The crux of the whole book is Koestler's disappointment with Communism and the agonizingly slow and painful process to change the mindset of a true believer, himself. The incredible counter arguments one comes up with to explain the Soviet excesses and to justify the unjustifiable are so vivid that they can be applied today to the West's attitude towards Islamist terror almost without change. For this reason alone The Invisible Writing should be widely read, and not read only by nostalgic men in their 50s and students of political science, as one critic put it .

Sometimes a paragraph in a book illustrates better what transpired in a certain historical period than all the books on history one reads. Here is Koestler's take on German women, 1932:

During the carnival season Of 1932, Ehrendorf went to a dance and picked up a tall, pretty blonde. She wore a large swastika brooch on her breast, was about nineteen or twenty, gay, uninhibited and brimful of healthy animal spirits-in short, the ideal Hitler-Madchen of the Brave New World. After the dance, Ehrendorf persuaded her to go back with him to his flat, where she met his advances more than half-way.

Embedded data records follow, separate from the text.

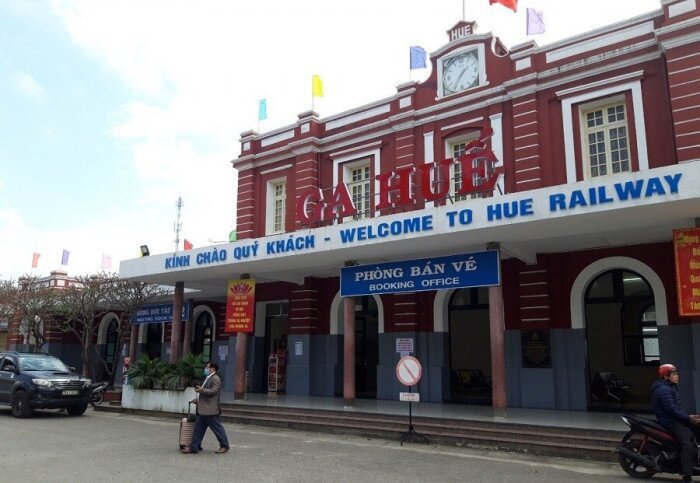 Một góc Ga Huế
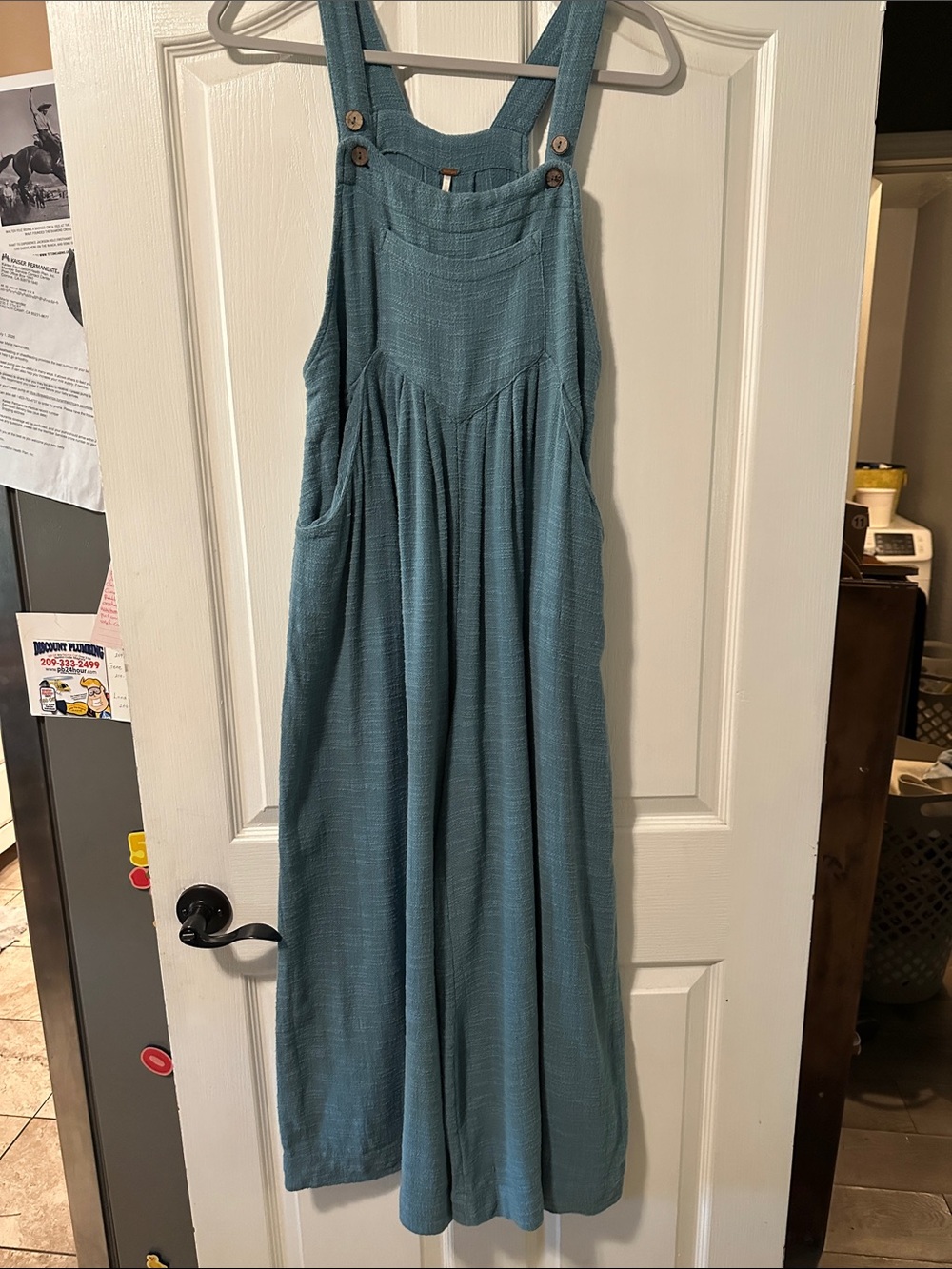 FREE PEOPLE Sun-drenched Overall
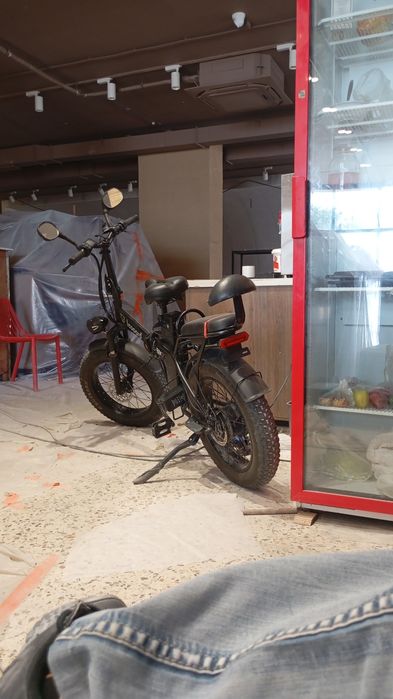 Электровелосипед Leopard  E-bike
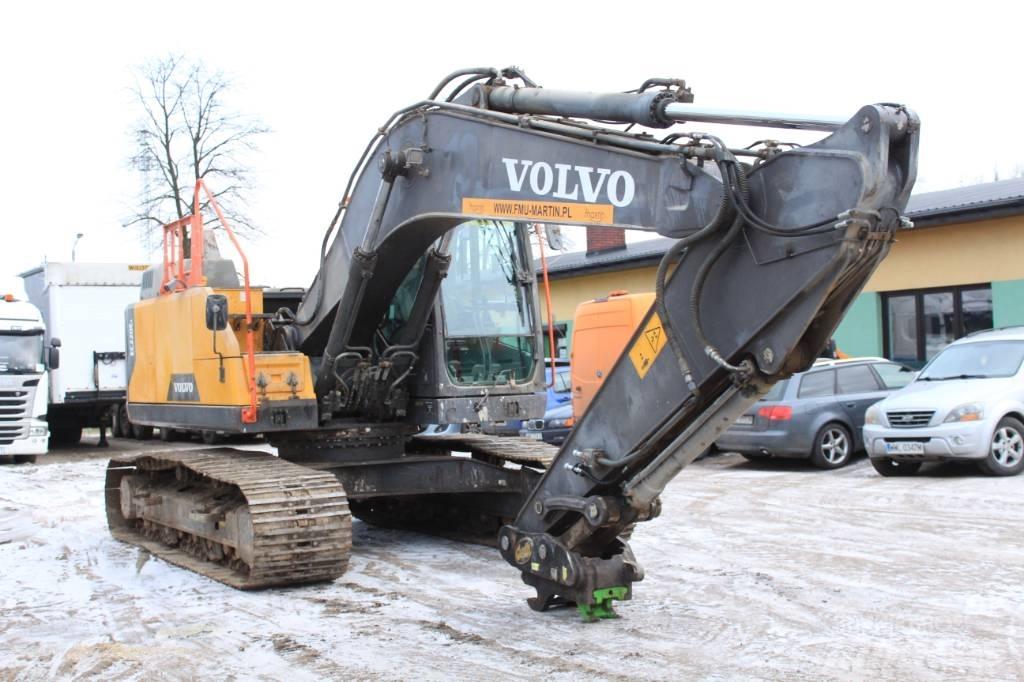 Volvo EC 220 E Escavadoras de rastos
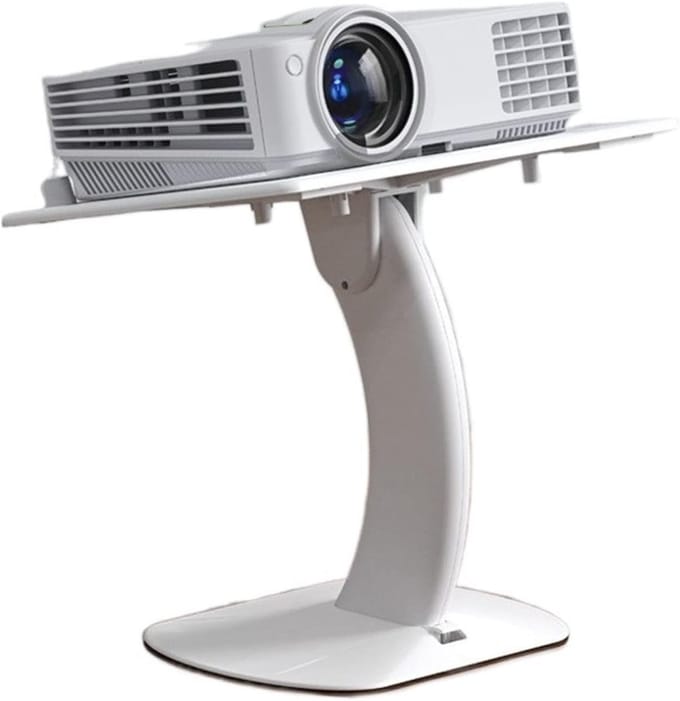 Projector Tafel - Projector Beugel - Stabiele Projectie - Verstelbare Hoek - Draagbaar Ontwerp - Roze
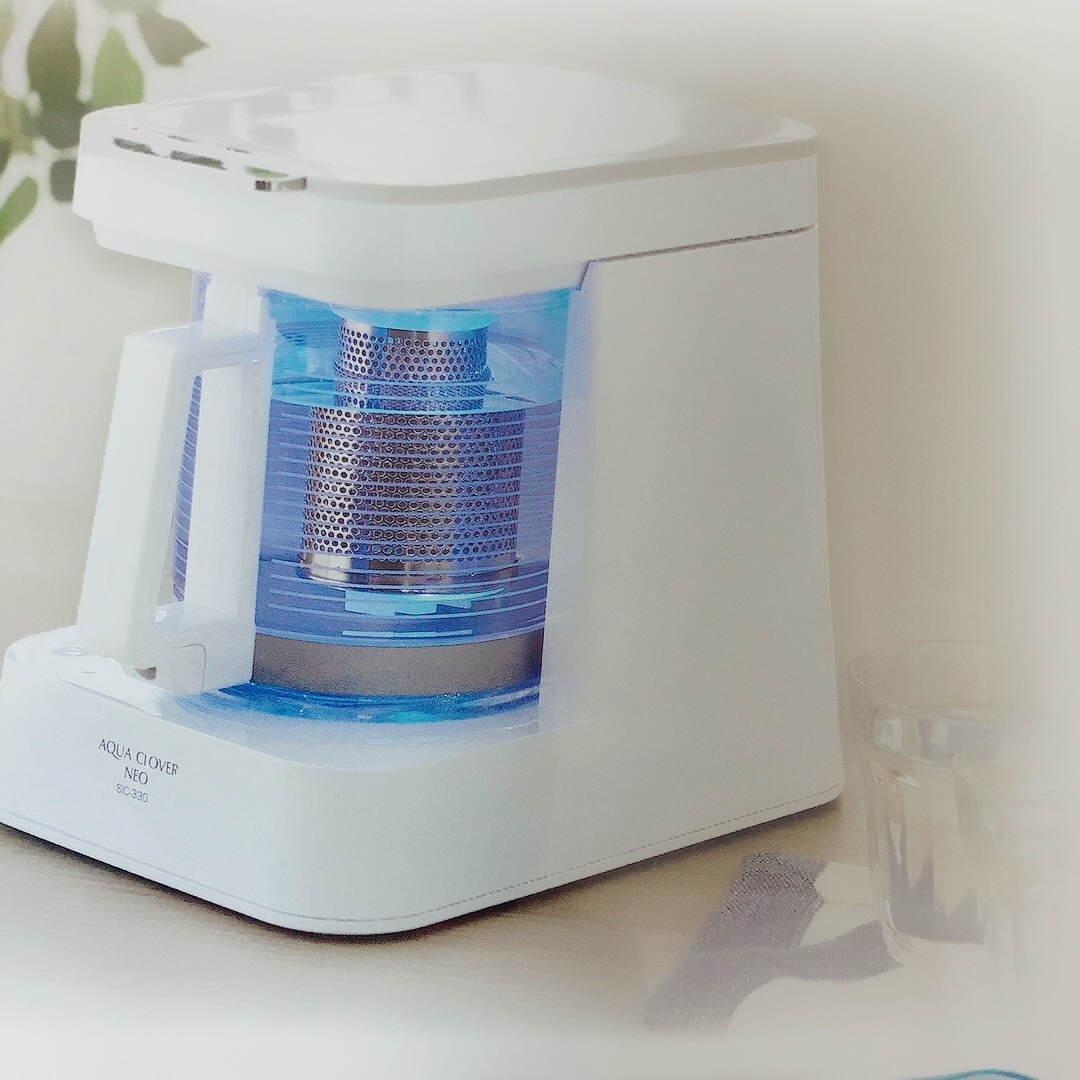 動作品 AQUA CLOVER アクアクローバー SIC-220 ナノバブル水素水生成器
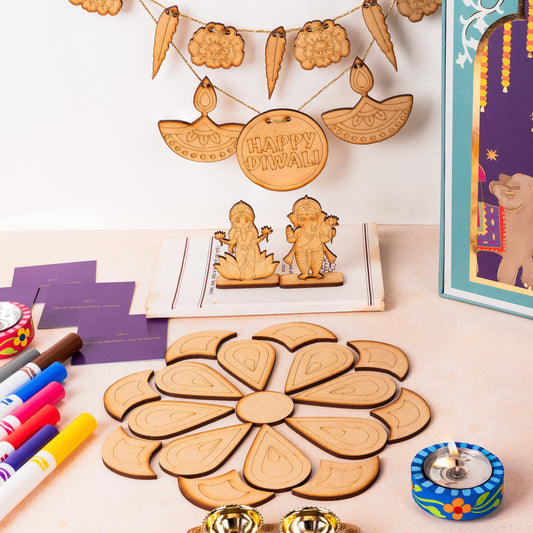Diwali Craft Kit Add-On (for 2024 & 2025 Countdown Calendars)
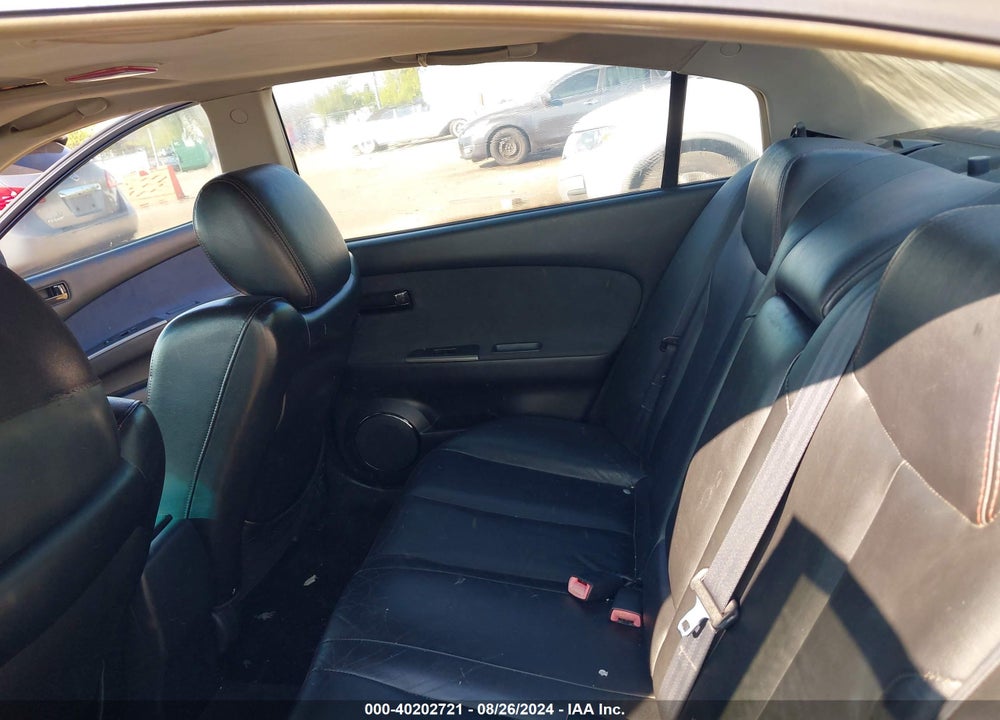 2006 NISSAN ALTIMA 3.5 SE-R VIN: 1N4BL11D06C155376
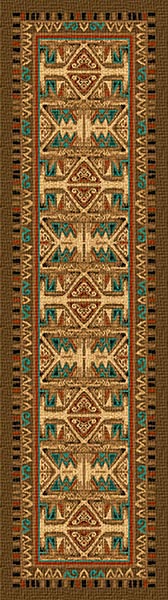 Santa Rosa Sunset Area Rug (7689357820136)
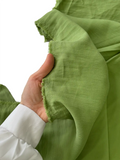 Modal Fabric - Green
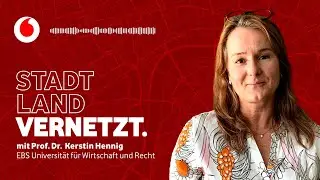 Herausforderungen des Immobilienmarktes – StadtLandVernetzt. #1 mit Prof. Dr. Kerstin Hennig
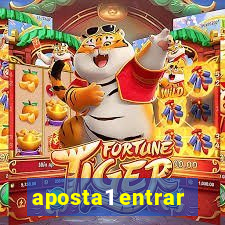 aposta1 entrar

Then, at the climactic moment, the girl raised herself on one elbow, stretched out the other arm in the Roman salute, and breathed in a dying voice a fervent 'Heil Hitler'. Poor Ehrendorf nearly had a stroke. When he had recovered, the blonde sweetie explained to him that she and a bunch of her girl friends had taken a solemn vow, pledging themselves 'to remember the Fuehrer every time at the most sacred moment in a woman's life'.